_THE DATA_:
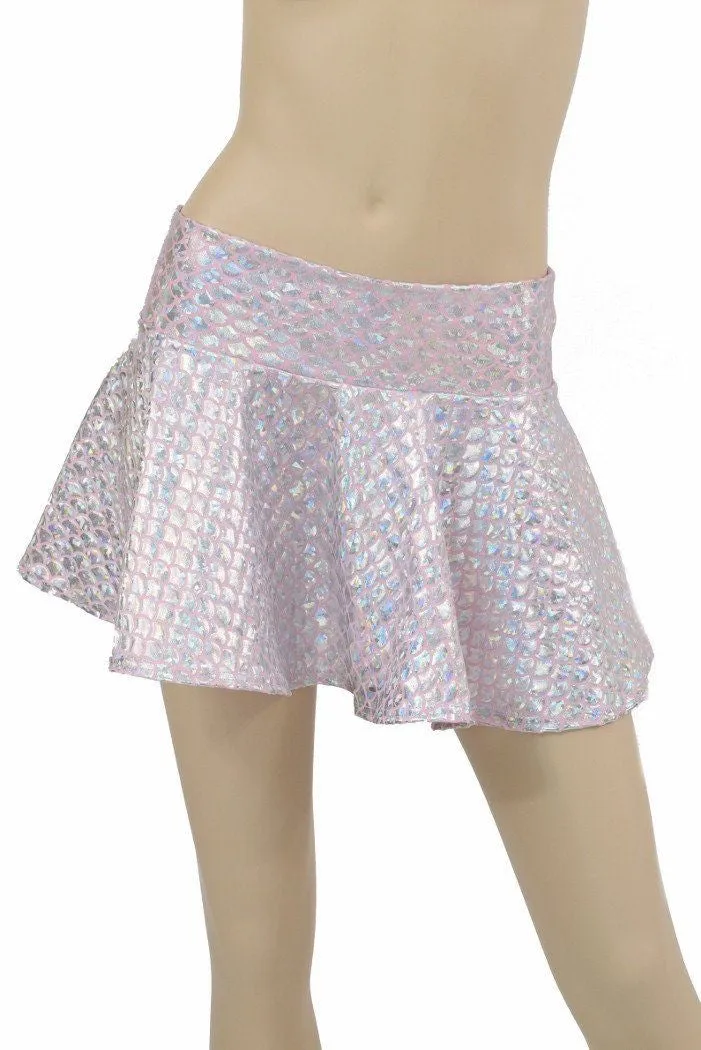 Baby Pink Mermaid Scale Rave Skirt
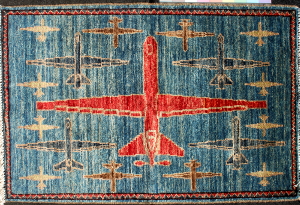 Afghan rug featuring war motifs - sorted by price
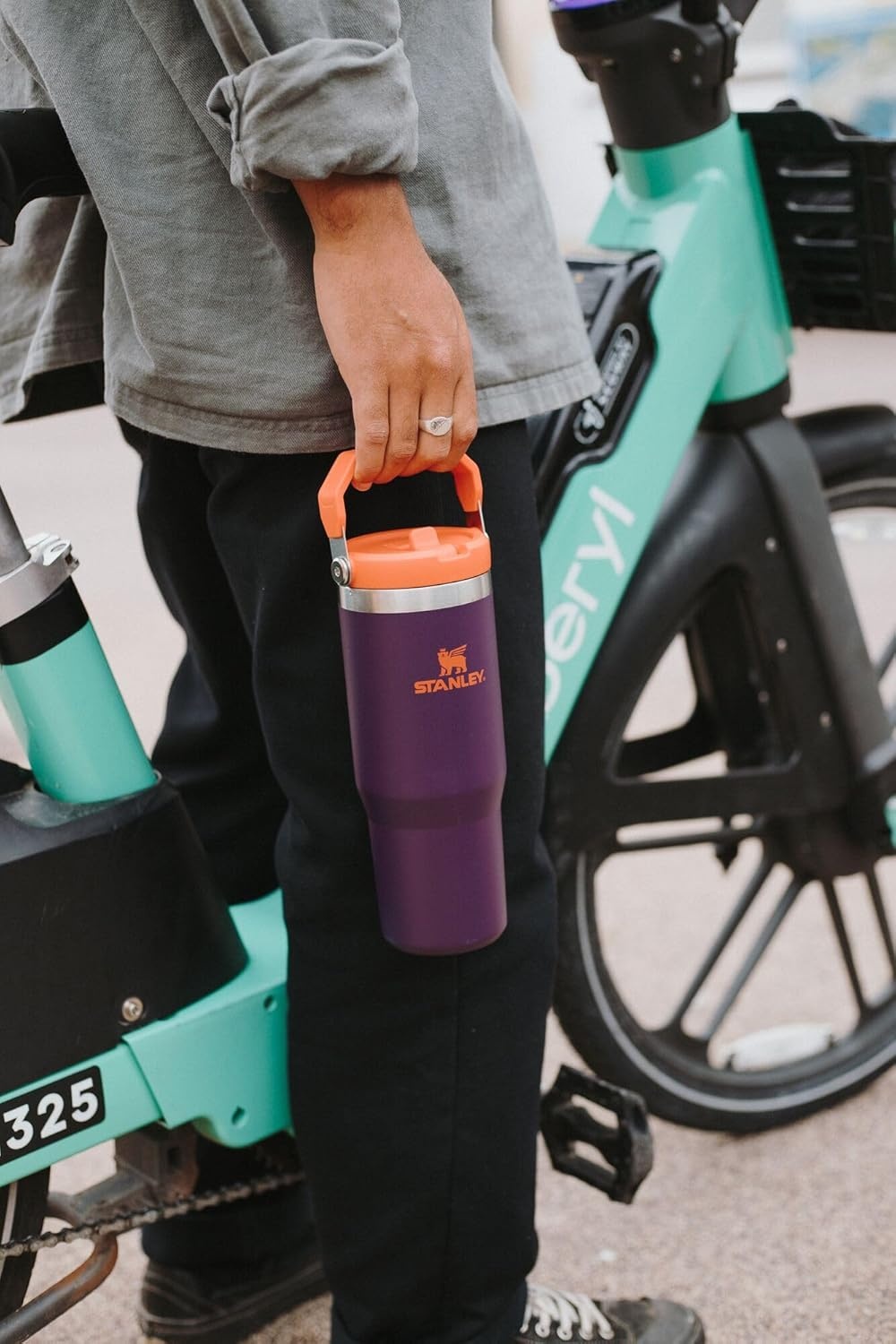 image:imageSTANLEY IceFlow 20 Flip Straw Tumbler with Handle 20 oz Twist On Lid and Flip Up Straw Leak Resistant Water Bottle Insulated Stainless Steel BPAFree Stainless Steel AshSpring Green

_TASK DIRECTIONS_:
The whole listing above should be restated word for word, minus any images.

_RESPONSE_:
 Baby Pink Mermaid Scale Rave Skirt
 Afghan rug featuring war motifs - sorted by price
 image:imageSTANLEY IceFlow 20 Flip Straw Tumbler with Handle 20 oz Twist On Lid and Flip Up Straw Leak Resistant Water Bottle Insulated Stainless Steel BPAFree Stainless Steel AshSpring Green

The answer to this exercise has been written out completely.